Wowzer, what a bunch of football games.
As I watched the Niners game (man, what an ending), I couldn't help notice the oh-so-typical shots of San Francisco coming out of a commercial break. They always do something like that during the game, even if it's held in St. Louis or Houston where there's pretty much not a single thing to show (what would they show of Houston, an air-conditioning unit?). The shot was the oh-so-typical shot of Fisherman's Wharf. Everytime there's a game in SF, it's either Fisherman's Wharf or Cable Cars. Yawn.
I know, I know, it's Postcard San Francisco, the San Francisco everyone always thinks is San Francisco. We who live here, however, know that that San Francisco barely exists. Nobody in SF ever goes near Fisherman's Wharf and most locals know it's too freaking cold to ever go on a Cable Car.
What they should do, if they want to truly show the San Francisco Flavor, is show real San Francisco.

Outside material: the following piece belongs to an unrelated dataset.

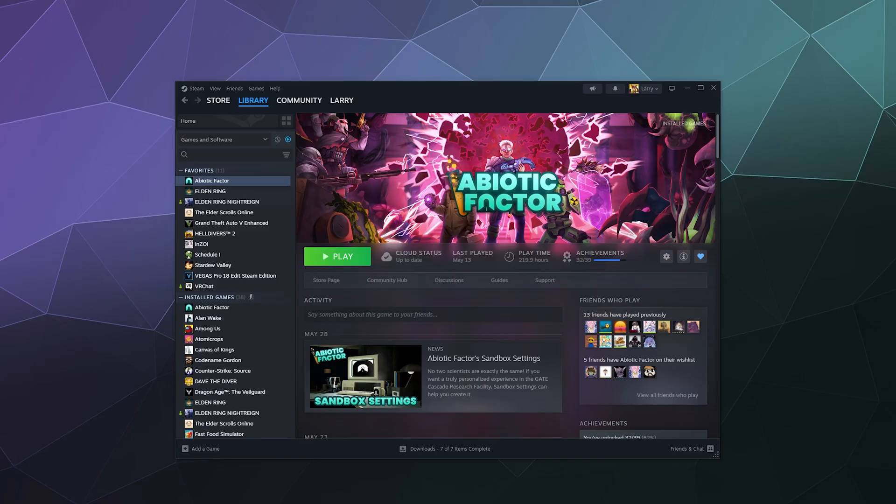All right, welcome back ladies and gentlemen to the Chupacabra Tutorials channel. I'm your host Larry, and today I'm going to show you how to discreetly hide your games that you may not want other people to know about from both your Steam library so people in your house can't see it, or people that might be watching a recording right now can't see it.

I propose that for the next game, they show-
1) Hairy fat guys in a Leather Bar somewhere off Folsom
2) Ratty looking skate punkers with dirty clothes and bad complexion trying to sell everyone buds and doses
3) Bunch of pierced and tatooed people in a coffee shop somewhere in the Mission talking about how football is merely a representation of the masculine, Heterosexual Paradigm and that it only perpetuates the Patriarchial Global-Industrial Corporatazation of the World and is just a distraction created by the Military Industrial Complex to keep people from thinking for themselves. Not to mention freeing Mumia.
4) All the empty offices near South Park, done in by the dot.com crash
5) Homeless people, Homeless people, and more homeless people!